[Information shown]:
=== Begin Enclosure ===
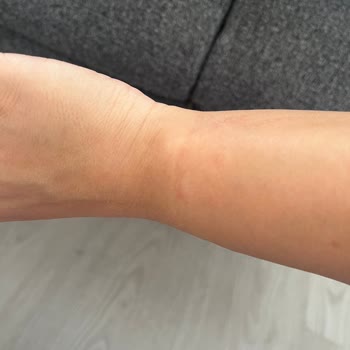 Atelier Duygu 3MM Su Yolu Bileklik Alerji Yaptı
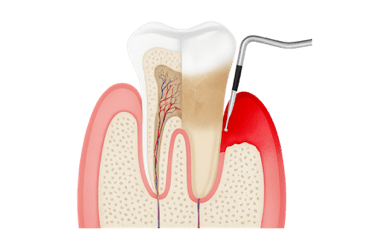 Raspado y alisado radicular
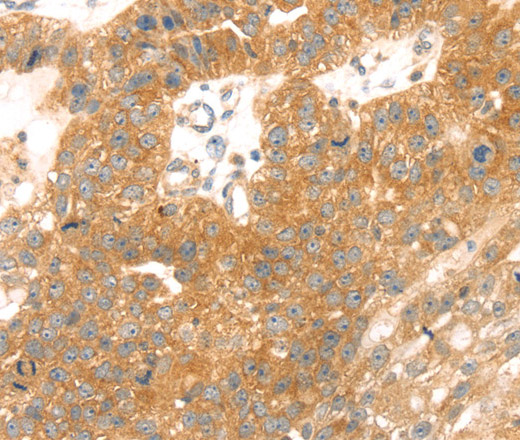 TMEFF2 Polyclonal Antibody (E-AB-13737)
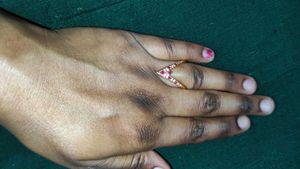 Vanki Ring  Totally New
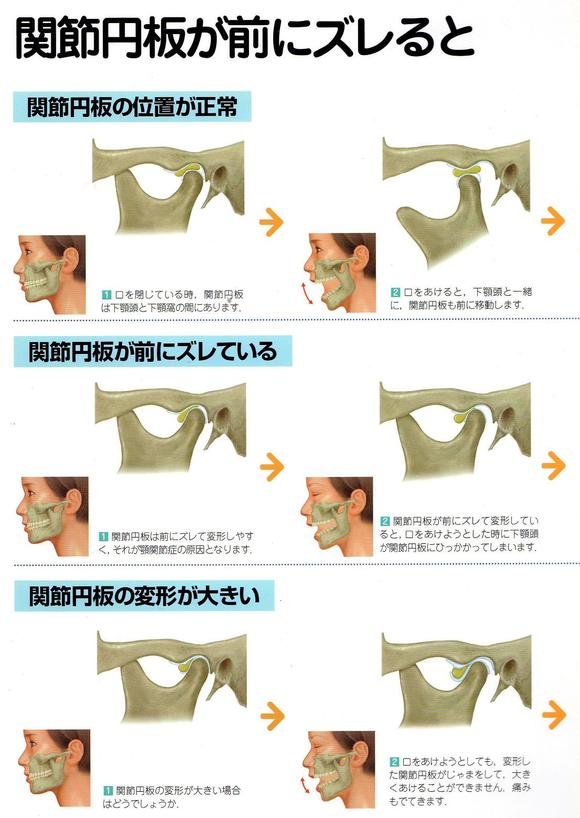 四肢・顎関節の調整 中島文保著 本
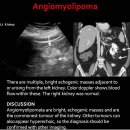 Angiomyolipoma 이미지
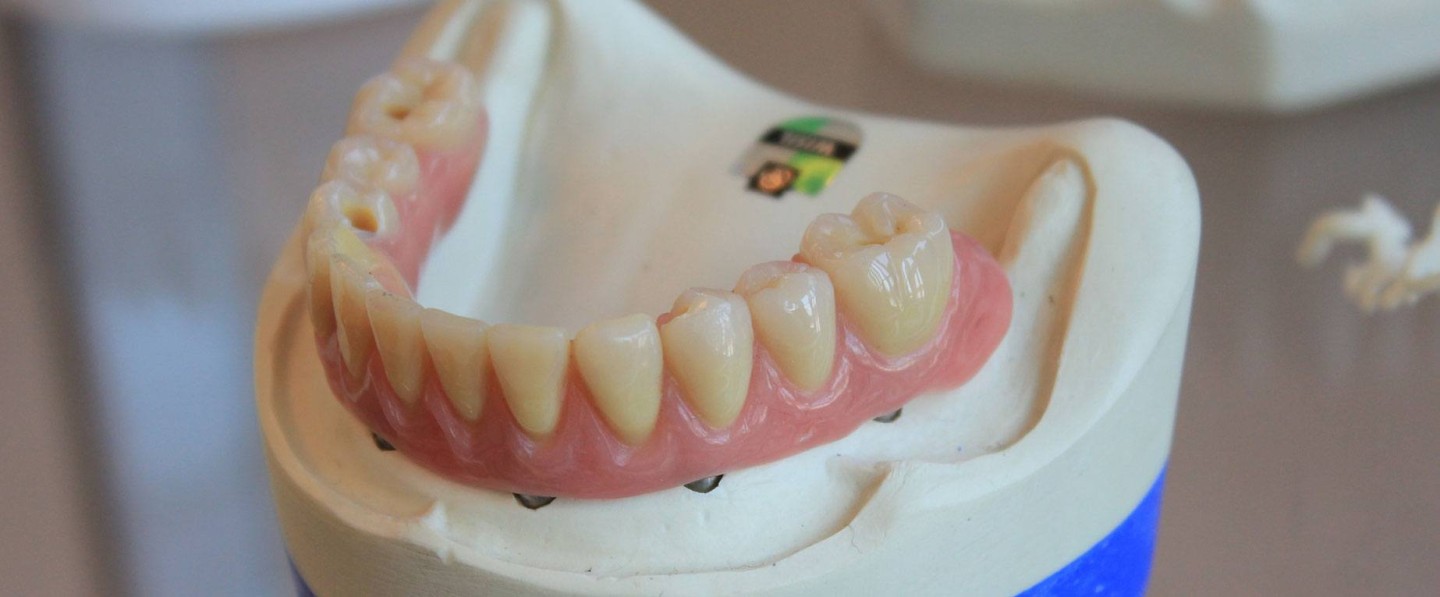newest-dental-crowns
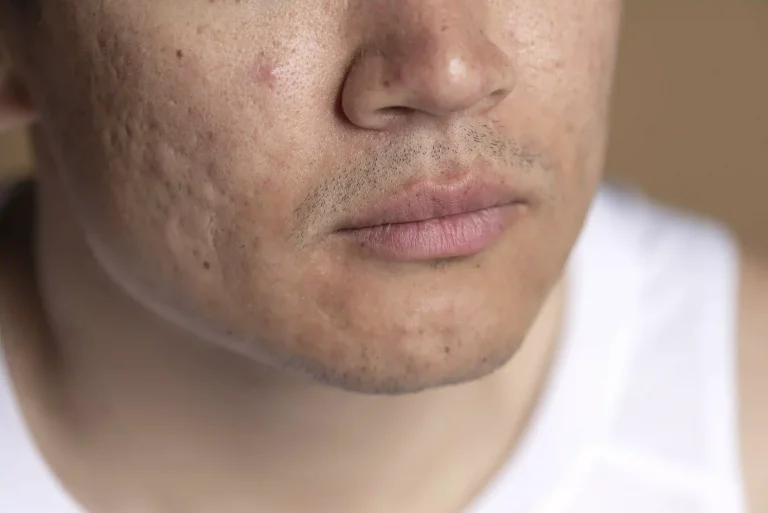 acne scar treatment for smoother skin in kuala lumpur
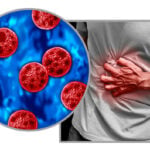 Cyclosporiasis sickens some people worse – why your diarrhea could be more explosive than others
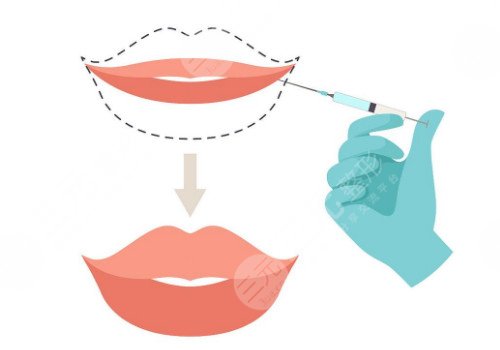 唇部注射玻尿酸需要注意什么？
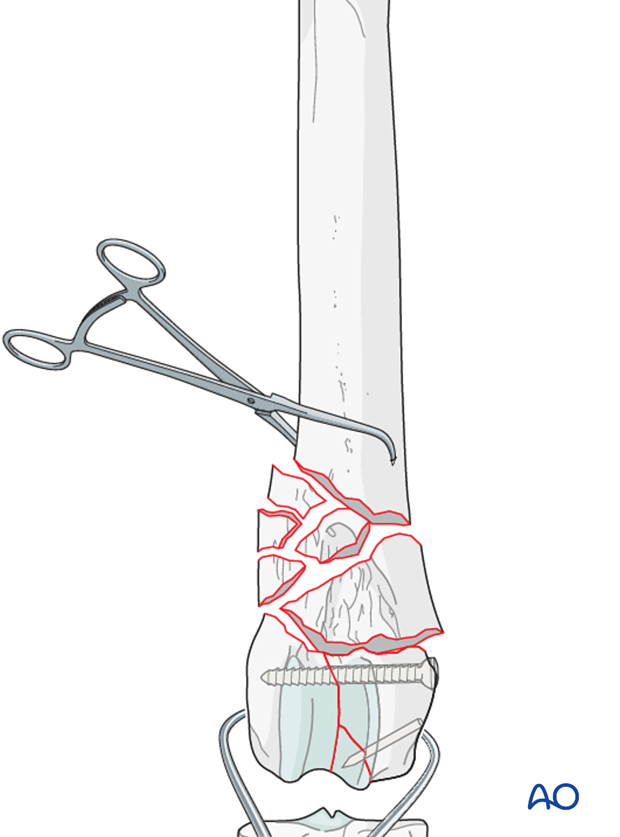 Bone holding forceps are applied to the proximal and distal major fragments for distraction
=== End Enclosure ===
[What you need to do]: Starting with the line that holds "四肢・顎関節の調整 中島文保著 本", repeat exactly every line through the end of the material above, both ends included, without the pictures.

[Answer for the task]:
 四肢・顎関節の調整 中島文保著 本
 Angiomyolipoma 이미지
newest-dental-crowns
 acne scar treatment for smoother skin in kuala lumpur
 Cyclosporiasis sickens some people worse – why your diarrhea could be more explosive than others
 唇部注射玻尿酸需要注意什么？
 Bone holding forceps are applied to the proximal and distal major fragments for distraction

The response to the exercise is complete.